═════ PROVIDED ENTRIES
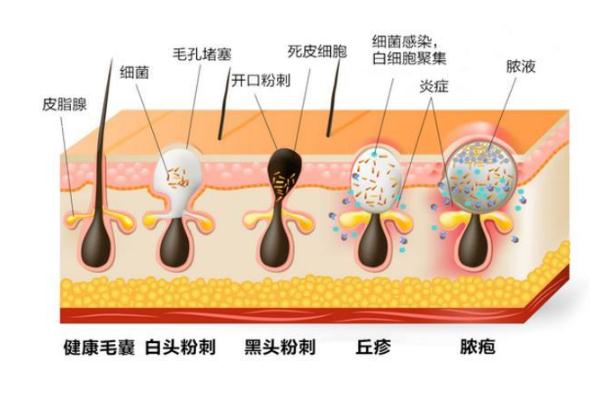 粉刺要不要擠出來 粉刺要怎么處理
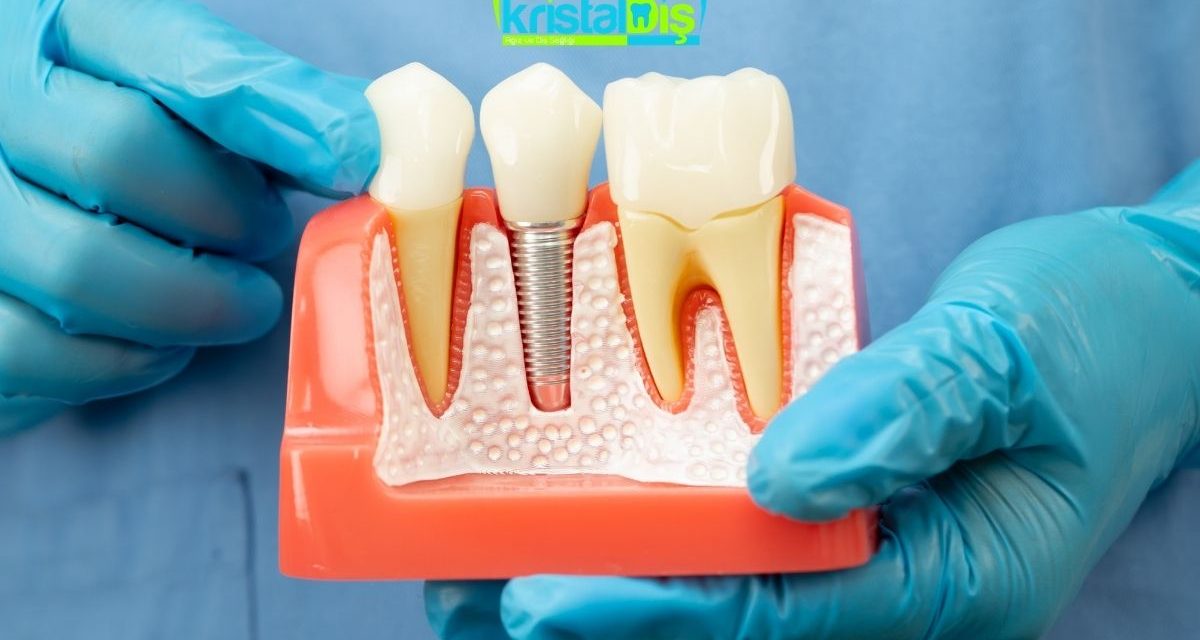 Bahçeşehir Implant Tedavisi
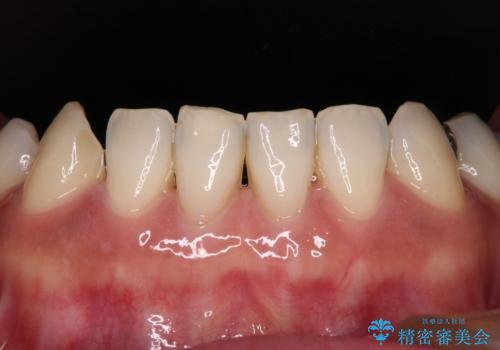 中途半端な矯正治療と前歯の欠損 再矯正とオールセラミッククラウンによる補綴治療の治療前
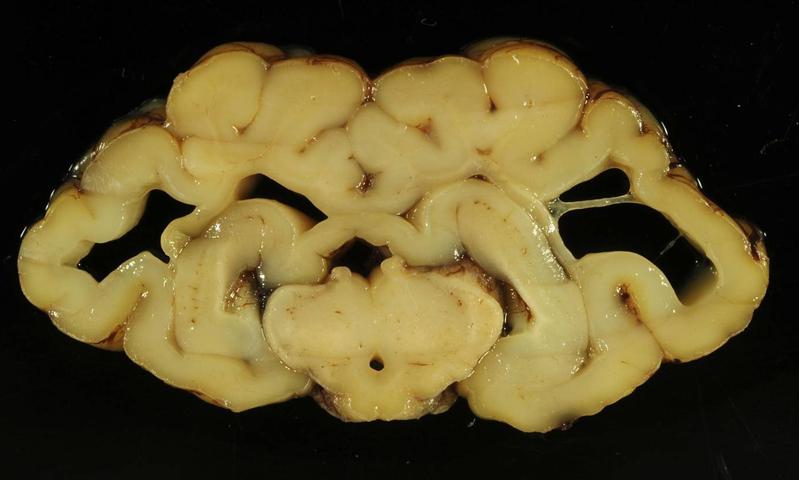 Großhirn eines mit dem Schmallenberg-Virus infizierten Schaflammes. Deutlich zu erkennen sind die Hohlräume in beiden Hemisphären.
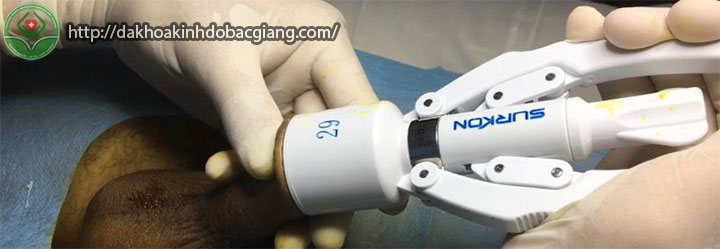 cat-bao-quy-dau-bang-may-Stapler-Surkon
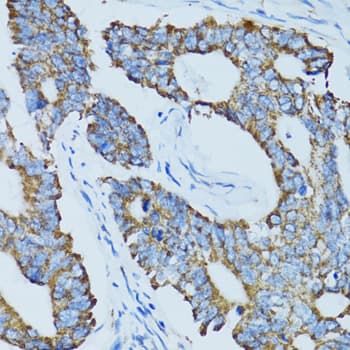 ADAMTS4 Antibody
══════════
## [ACTIVITY]
Retype the records in full. Do not carry over the images.

## [ANSWER SECTION]
 粉刺要不要擠出來 粉刺要怎么處理
 Bahçeşehir Implant Tedavisi
 中途半端な矯正治療と前歯の欠損 再矯正とオールセラミッククラウンによる補綴治療の治療前
 Großhirn eines mit dem Schmallenberg-Virus infizierten Schaflammes. Deutlich zu erkennen sind die Hohlräume in beiden Hemisphären.
 cat-bao-quy-dau-bang-may-Stapler-Surkon
 ADAMTS4 Antibody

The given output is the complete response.